Tax incentives – do they work? The answer to that question depends not only on whom you ask, but also on how you define success.
For producers, tax incentives ‘work’ when they help get a film financed and made -- in a location that works creatively and logistically for the film.
For craft professionals, an incentive system that ‘works’ means just that – it helps them get work (and hopefully ‘good’ work in terms of both pay and creative satisfaction).
For a local or national economy, tax incentives can be deemed successful if they bring in more revenue than they pay out to attract that revenue – which can be highly contentious and surprisingly difficult to measure.
(Here is a good description – from outside the industry -- of how politically contentious that processes can be in the U.S.).
There are also the ancillary businesses that can accrue to an economy from the presence of the film industry. (New Zealand’s big budget gamble on tying the tourism industry into the Hobbit franchise is a high profile example, but regional film boards the world over deal with this on a smaller scale.)
For a community or society, tax incentives can serve the aim of fostering local talent and local creative voices.
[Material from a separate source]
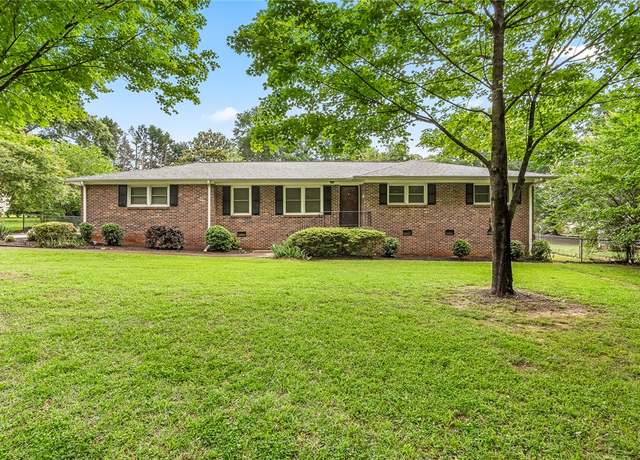 Property at 310 Allenby Rd, Anderson, SC 29621, 3 beds, 2 baths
In countries with the means, this can be the most important desired result of an incentives system.
But not surprisingly, these goals aren’t always in alignment.
It’s likely that in most cases the attraction of big budget Hollywood/international productions support the technical betterment of local craft professionals.
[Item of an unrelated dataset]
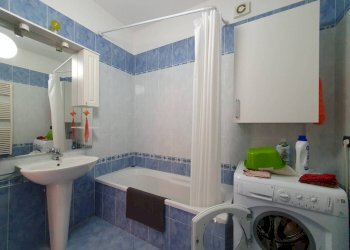 Bagno - Quadrilocale Pianezza - foto 29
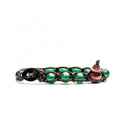Bracciale Tamashii Agata Verde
But when it comes to supporting local creative voices, do such productions create a trickle-down effect? Or simply homogenize the art form and raise the cost of filmmaking to a level that crowds out independent producers working on projects with locally specific content?
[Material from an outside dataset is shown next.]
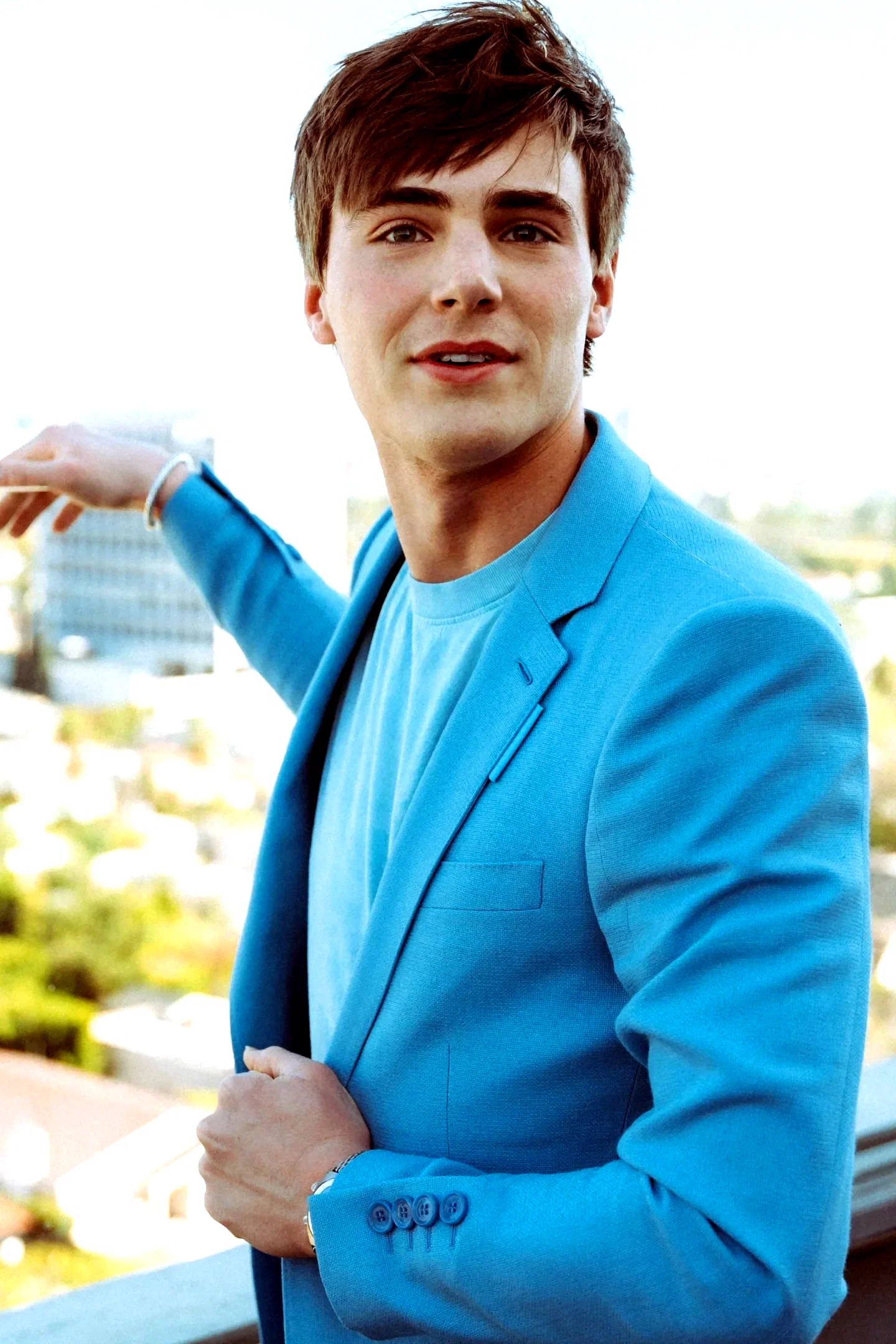  Kevin G. Quinn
I am particularly interested in the ways that this dynamic is playing out in emerging economies and emerging film industries. Next week I’ll be traveling to the Durban FilmMart in South Africa. South Africa is fertile terrain for these questions because it has an active national funder, an incentives structure at least partly geared towards attracting big money studio films, and a sometimes uncomfortable co-existence between government-funded local talent initiatives, big-budget international films, and local films made and distributed on shoestring budgets.